February 5, 2024
JAKARTA – Academic communities across the country have called for a fair and accountable general election on Feb. 14 amid rising concerns about democratic decline in Indonesia.
On Saturday, members of Padjadjaran University (Unpad) in Bandung, West Java, made a public declaration calling on President Joko “Jokowi” Widodo and political elites to “follow the law” and to uphold “the integrity and dignity” of the electoral process.
They highlighted facts and events they said demonstrated democratic decline under Jokowi’s presidency ahead of the February election, including the country’s poor corruption perception rating, the declawing of the Corruption Eradication Commission (KPK) and the controversial Constitutional Court ruling that enabled Jokowi’s son to run for vice president.
“We’ve seen political elites exploit the law to legitimize problematic political, social and economic policies,” said professor Ganjar Kurnia who heads Unpad’s academic senate.
“Abusing power for the interests of the oligarchic elites will only lead to the failure of our sustainable development, the stagnation of economic growth, deepening poverty and the increase of wealth inequality,” he added.
The 2023 Corruption Perception Index (CPI), published by Berlin-based Transparency International last week, had Indonesia stagnating at 34 points for the second year in a row on a scale of 0 to 100, with 0 being extremely corrupt.
Activists have blamed this on a 2019 amendment to the KPK Law backed by the Jokowi administration that systematically defanged the antigraft agency.
The Constitutional Court ruling late last year that paved the way for Jokowi’s eldest son, Gibran Rakabuming Raka, to become the running mate of presidential candidate Prabowo Subianto has deepened concerns about the country’s democracy and the integrity of the coming election. The court at the time was headed by the President’s brother-in-law, Anwar Usman, who was later found guilty of an ethics breach for using his position to influence the game-changing ruling.
Jokowi, who is barred from running for a third term, insists that he is entitled to support a presidential candidate of his or her choosing in his free time, provided he makes no use of government facilities while doing so.

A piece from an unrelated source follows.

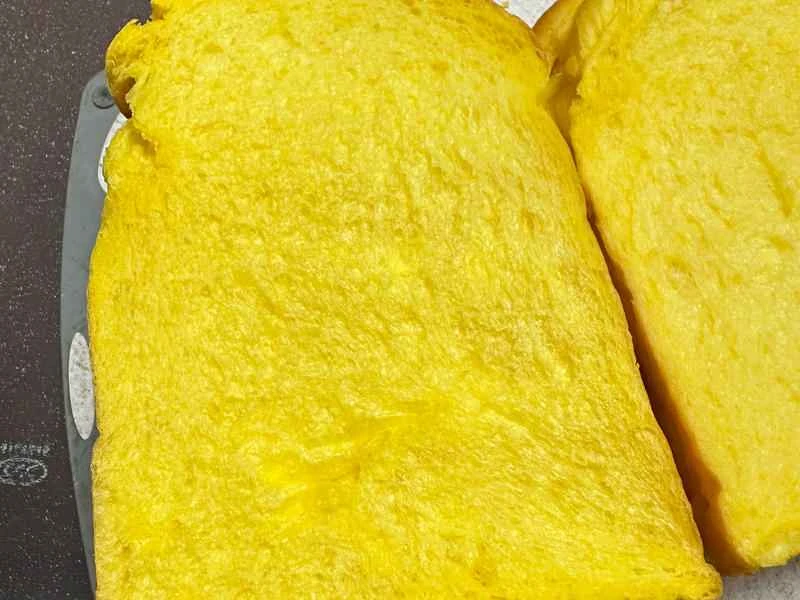 How to make pure milk hand-torn toast: Step 1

The Unpad declaration was the latest in a series of university statements demanding a fair, accountable election.
Dozens of professors of the University of Indonesia (UI) in Depok, West Java, held a press conference on Friday calling on politicians and state officials to “restore the country’s broken democracy”.
“Our country has lost its way because of unethical and deceitful power struggles. We’re concerned over the actions of the state apparatus and political elites who constantly break their oaths just to enrich themselves,” UI board of professors head Harkristuti Harkrisnowo said.
In an accompanying declaration, the UI professors condemned actions that stifled free expression, saying that some of their number had been “intimidated” by undisclosed individuals by text message after they unveiled the plan to make a declaration criticizing Jokowi.
UI also urged the government to ensure that all civil servants, government officials and members of the public were able to cast their votes freely in the upcoming polls, without any pressure to choose certain candidates.
Over the past few days, academic communities from at least 11 universities across the country, including Hasanuddin University (Unhas), the Indonesian Islamic University (UII) and Syarif Hidayatullah State Islamic University (UIN Jakarta), have called on Jokowi to ensure the elections are fair, free and accountable.
Jokowi’s own alma mater, Gadjah Mada University (UGM) in Yogyakarta, released the so-called Bulaksumur Petition on Wednesday accusing the President of “deviating” from democratic values and urging his administration and other authorities to remedy the situation.
The petition says Jokowi, as a UGM graduate, should uphold the institution’s ideals by embracing the values of Pancasila and strengthening democratic processes.
Responding to the criticisms, Jokowi said on Friday that everyone in the academic community had the right to voice their opinions.
“Well, it’s their democratic right. Everyone has the right to speak and express opinions,” the President said.
Presidential special staff coordinator Ari Dwipayana said separately on Friday that criticism was necessary to improve democracy.